I don't think this is just a Vancouver thing, and it shouldn't be used for tarring the whole city with the same brush. But by the same token, it seems naive to deny that fandom has something to do with it. All around the world, some people (mainly young men) take their pro sports way too seriously, and trouble follows big games no matter who wins. I don't see how this is any different.


----------



## ehMax (Feb 17, 2000)

bryanc said:


> This is an interesting point. How much of the hooliganism is a function of 'sports' and how much is just an indication of the erosion of social order? *I have always thought that professional sports brings out an ugly aspect of tribalism* in otherwise civilized people, but it may not be true.

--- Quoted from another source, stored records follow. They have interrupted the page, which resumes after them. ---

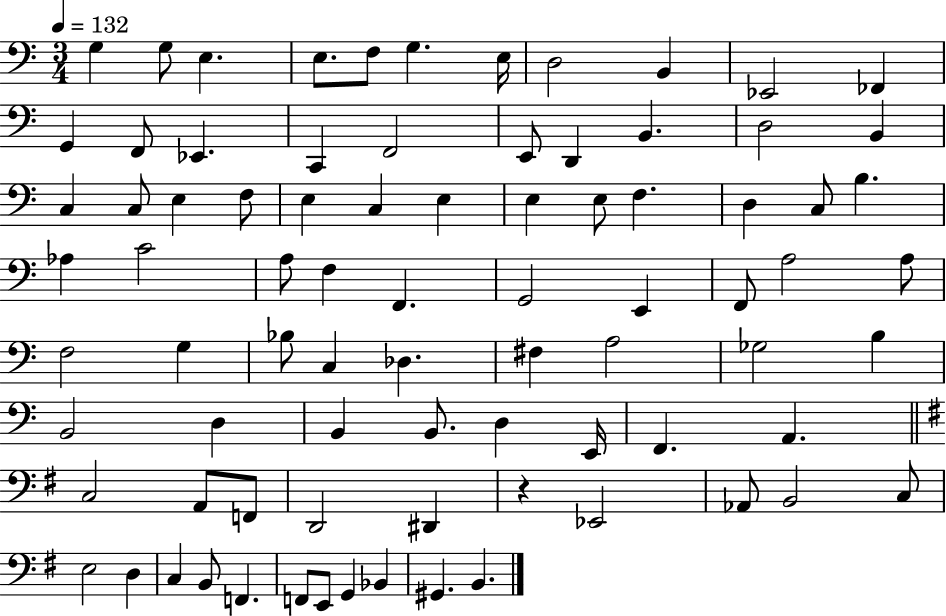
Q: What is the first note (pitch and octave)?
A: G3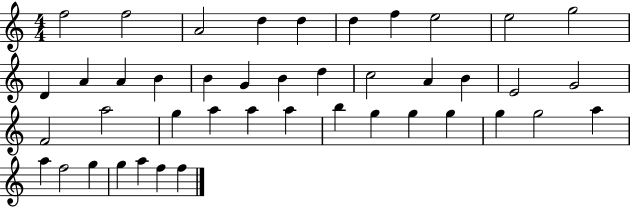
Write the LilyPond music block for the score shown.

{
  \clef treble
  \numericTimeSignature
  \time 4/4
  \key c \major
  f''2 f''2 | a'2 d''4 d''4 | d''4 f''4 e''2 | e''2 g''2 | \break d'4 a'4 a'4 b'4 | b'4 g'4 b'4 d''4 | c''2 a'4 b'4 | e'2 g'2 | \break f'2 a''2 | g''4 a''4 a''4 a''4 | b''4 g''4 g''4 g''4 | g''4 g''2 a''4 | \break a''4 f''2 g''4 | g''4 a''4 f''4 f''4 | \bar "|."
}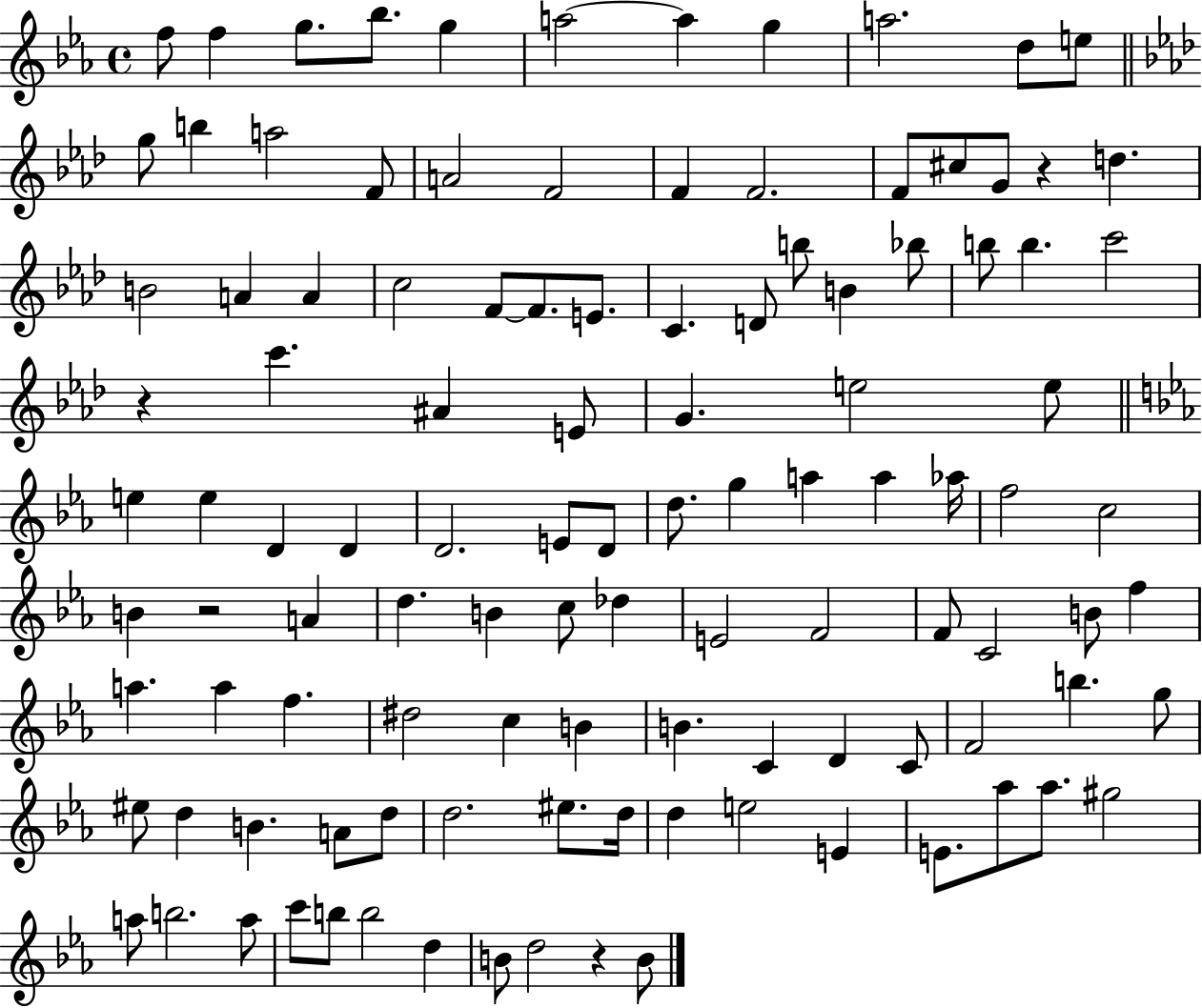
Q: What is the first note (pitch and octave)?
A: F5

Bryanc touched upon it, and what I said earlier:



ehMax said:


> On the other end, team sport is an emulation of tribal war and rivalry. I'd say at the heart, that's what it really is... why humanity has sport. It's in our blood to be part of tribes and to compete...to do battle. A more civilized way to feed that desire is do it without actual spears and killing is to emulate it through skillful athleticism. The spectators watching live vicariously through the participants in the battle. We get that adrenaline rush. We clap, we cheer, we chant. We done the colours, put on the badge / crest, we wave the flag.
> 
> For many, that connection with that local team is like a connection to your tribe. Win or lose, you stick with your tribe and battle. There's an inherent resentment to those who are local who "defect" to the enemies tribe.
> 
> ...


I personally LOVE the feeling of being in a crowd a large group where you feel like a large collective for a cause. Everyone know's that feeling, if you see a stadium where everyone is wearing the same colours, waving a big display of towels or whatever. Or the pride you feel as a National team. In soccer, it can be much more elaborate displays and much more elaborate singing and chanting besides "Go Canucks Go"

However, there is that problem of it spilling over from "simulated" tribal war into real violence. 

I don't know what the answer to it is. 

Lots of people are able to make that distinction between simulated and doing things for enjoyment vs regressing into a neanderthal. 

There is a group / demographic that I can't stand who have this idiotic "frat-boy" spring break mentality. They view sport as just an excuse to get drunk, make pseudo gangster signs, scream "Whooooo" at the camera and think it would be "bitch'n" if stuff started to go down, and they couldn't wait to tell their other frat-boy buddies how wicked and wild it was. Seems to be the same group of 18-25 year olds on the out-skirts of cities in lower income brackets. 

In soccer, stadiums have gotten much better at handling incidents. There's often very strict protocol for fans. The reason its often not as big of a problem is North America is the huge geographical distance between cities of often small size of arenas and allocation of tickets. If you could imagine if there was an enormous contingent of Boston Bruins fans at Vancouver. 

In large 80,000 seat soccer stadiums in Europe, you often have the stadium split of 1/4 to 3/4 of opposing fans.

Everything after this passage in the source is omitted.